Pengamat hukum Hardjuno Wiwoho mendesak pemerintah dan DPR segera mengesahkan RUU Perampasan Aset ini menjadi UU. Melalui aturan itu, negara dapat merampas aset yang berasal dari tindak pidana dan merugikan keuangan negara tanpa menunggu pembuktian perbuatan pidananya.
“Kenapa RUU perampasan Aset ini harus segera disahkan? Karena RUU Perampasan Aset instrumen memudahkan aparat penegak hukum dalam menegakkan keadilan dan mendukung agenda pemberantasan korupsi dan kejahatan ekonomi di tanah air,” kata dia kepada wartawan, Kamis, 18 April 2024.
Hal ini juga, menurut Hardjuno, sebagai bagian dari upaya berskala besar dalam mengoptimalkan pengembalian kerugian negara akibat tindak pidana korupsi. Apalagi, RUU Perampasan aset merupakan mandat usai Indonesia meratifikasi Konvensi PBB tentang UNCAC (UN Convention Against Corruption).

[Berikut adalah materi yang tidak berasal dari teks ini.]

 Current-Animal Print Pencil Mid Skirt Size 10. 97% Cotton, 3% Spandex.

“Jadi, UU ini sangat penting sekali untuk konteks Indonesia saat ini. Dan sekaligus memberikan efek jera bagi siapapun yang melakukan tindakan korupsi yang merugikan rakyat dan negara,” ujarnya.

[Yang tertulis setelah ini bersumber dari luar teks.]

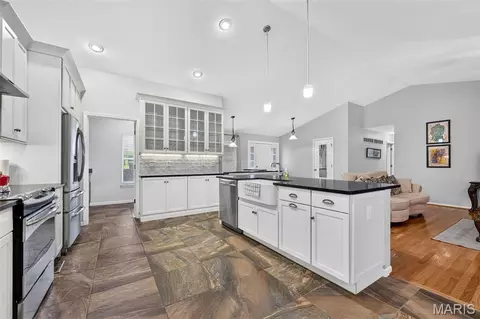 1092 Johanna Dr, Ballwin, MO 63021 photo 3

Sebenarnya, RUU Perampasan Aset telah dikaji dan diusulkan lebih dari satu dekade, sejak masuk dalam daftar Program Legislasi Nasional (Prolegnas) Prioritas tahun 2012. Sayang pada kenyataannya RUU Perampasan Aset tidak kunjung disahkan meski kembali masuk Prolegnas Prioritas pada 2023.
“Sampai saat ini pembahasan RUU Perampasan Aset belum tampak meskipun telah masuk dalam daftar prioritas pemerintah. Saya pikir, rakyat Indonesia wajib menagih komitmen pemerintah dan DPR atas RUU ini. Kita terus menyuarakan, kapan RUU ini disahkan menjadi UU. DPR kita, jangan melempem,” tuturnya.